TASK INPUTS.
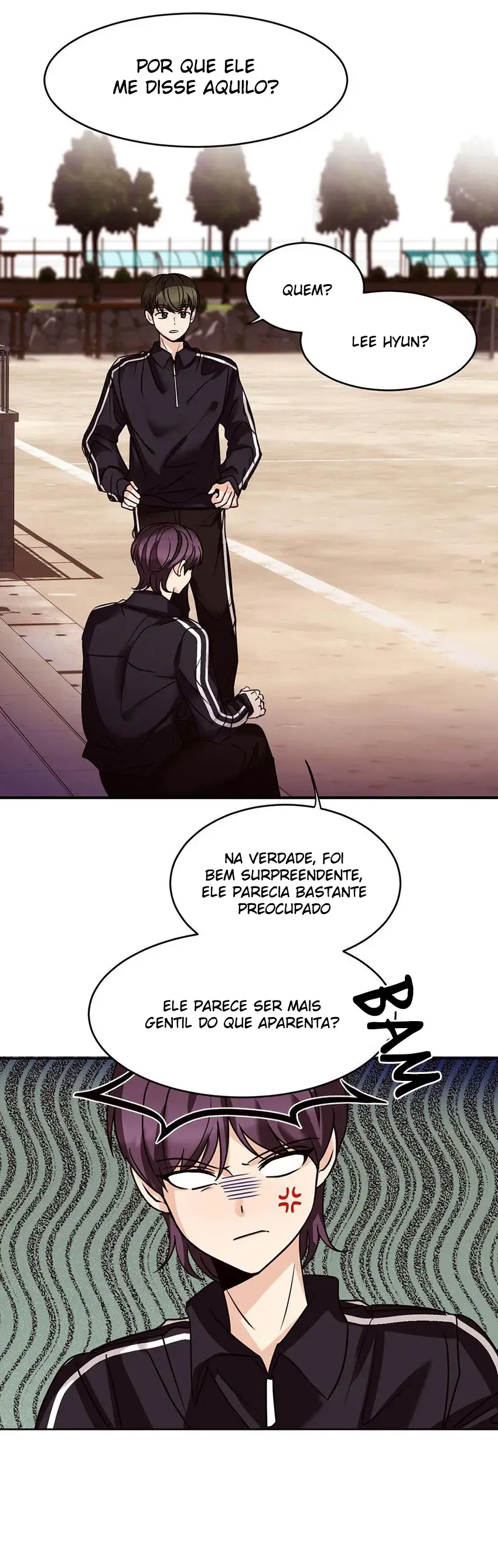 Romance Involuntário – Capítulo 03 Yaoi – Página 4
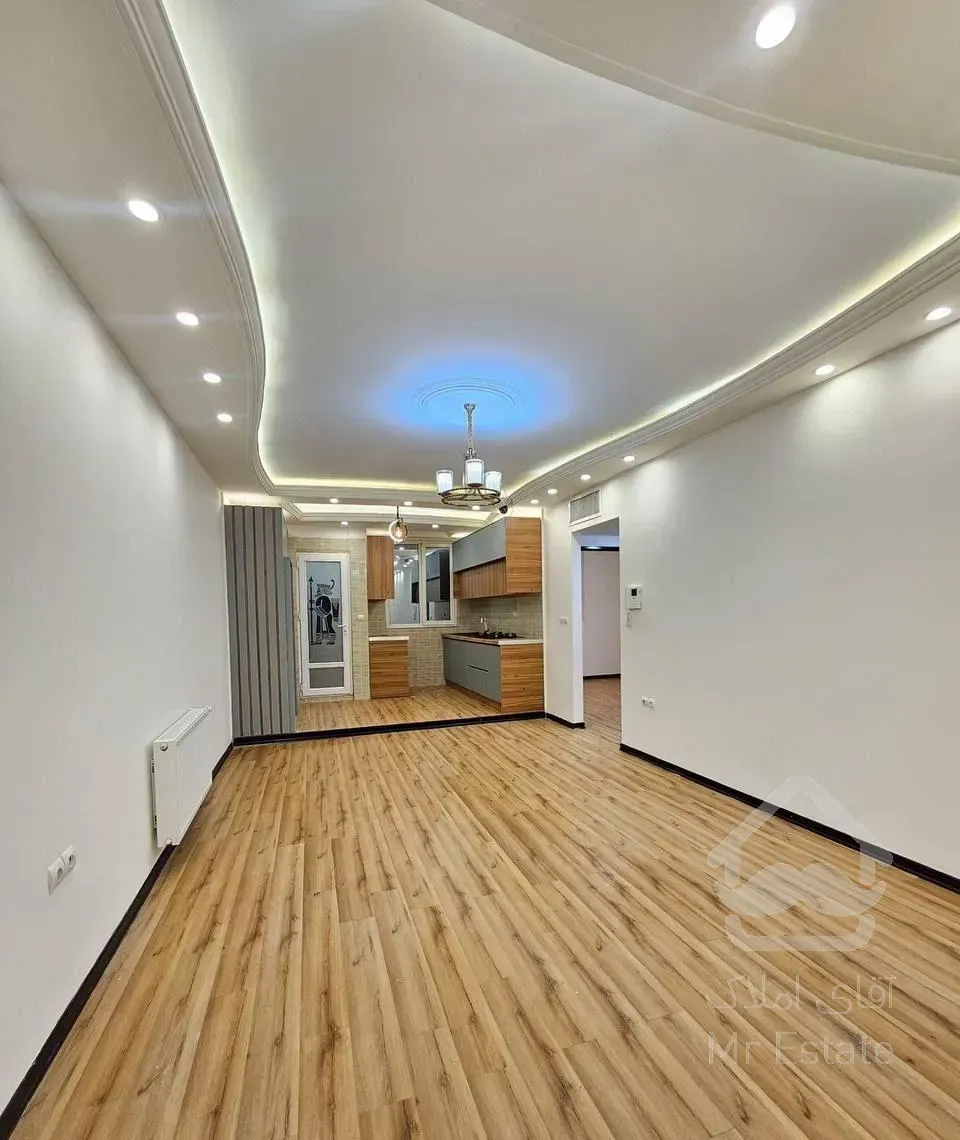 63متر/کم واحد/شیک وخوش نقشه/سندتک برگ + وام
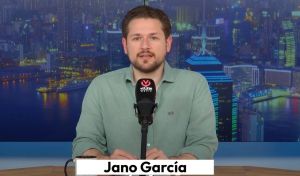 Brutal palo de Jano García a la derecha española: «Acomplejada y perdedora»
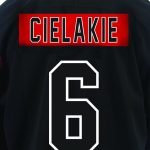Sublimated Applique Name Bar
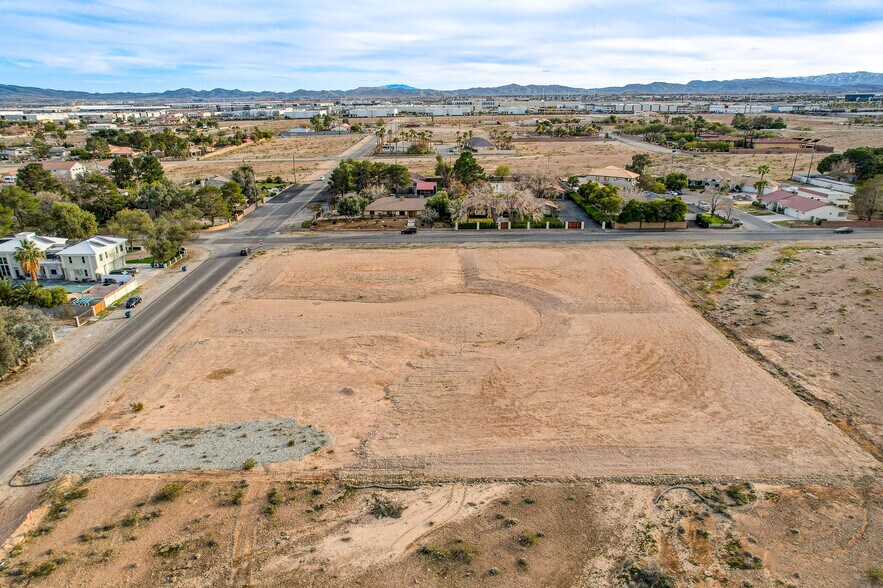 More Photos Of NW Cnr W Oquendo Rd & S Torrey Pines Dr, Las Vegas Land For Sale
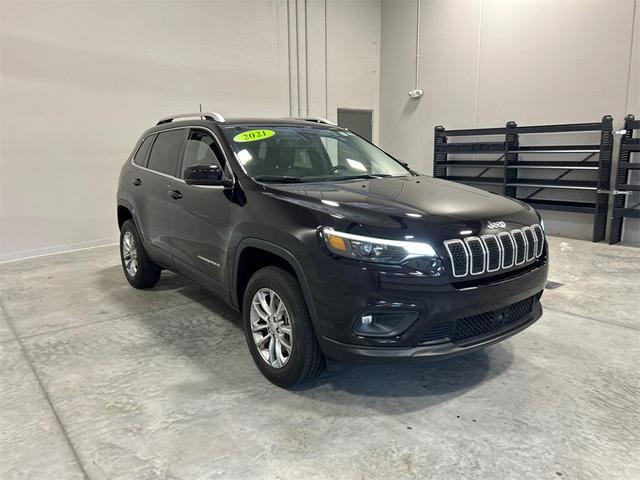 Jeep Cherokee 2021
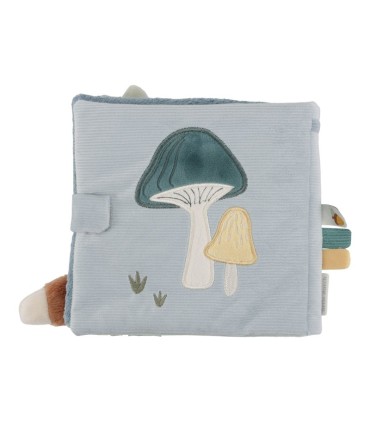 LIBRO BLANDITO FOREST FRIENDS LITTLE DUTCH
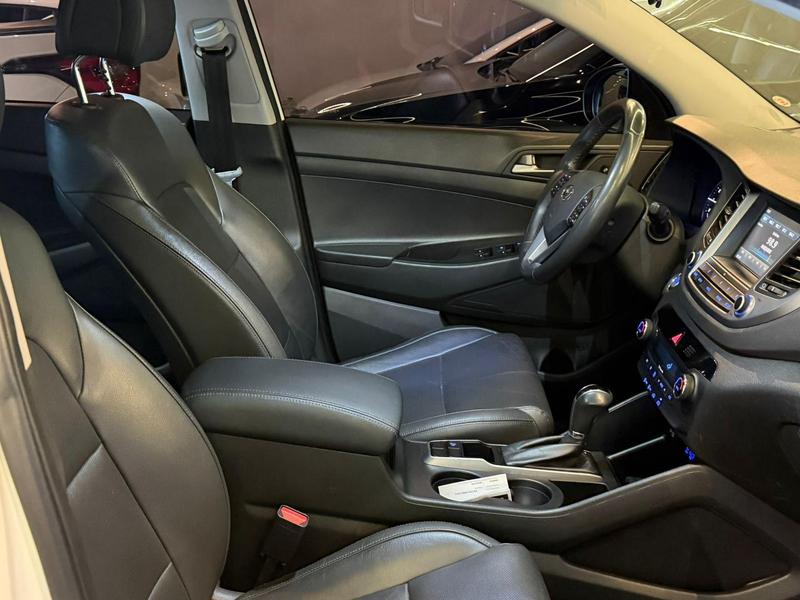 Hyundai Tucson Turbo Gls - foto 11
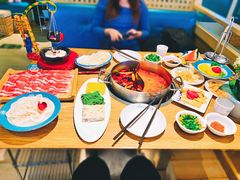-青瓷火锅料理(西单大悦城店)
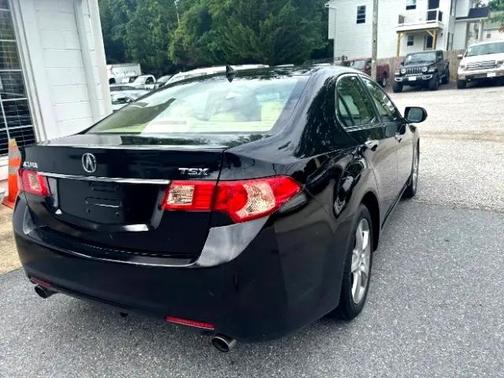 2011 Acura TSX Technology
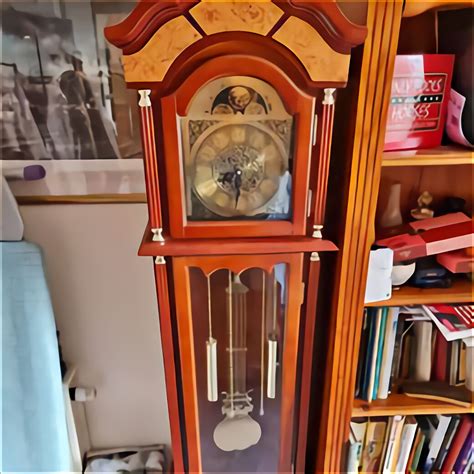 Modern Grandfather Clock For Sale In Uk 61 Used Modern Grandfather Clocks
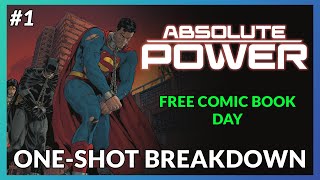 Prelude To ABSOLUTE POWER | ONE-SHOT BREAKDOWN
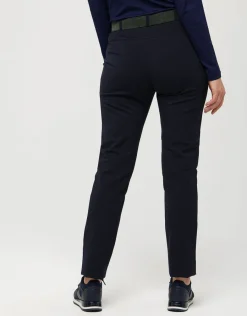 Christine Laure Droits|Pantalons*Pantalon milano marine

YOUR OBJECTIVE.
Restate, word for word and without pictures, the lines from the line containing "Prelude To ABSOLUTE" to the last line of the records above.

ANSWER SECTION.
 Prelude To ABSOLUTE POWER | ONE-SHOT BREAKDOWN
 Christine Laure Droits|Pantalons*Pantalon milano marine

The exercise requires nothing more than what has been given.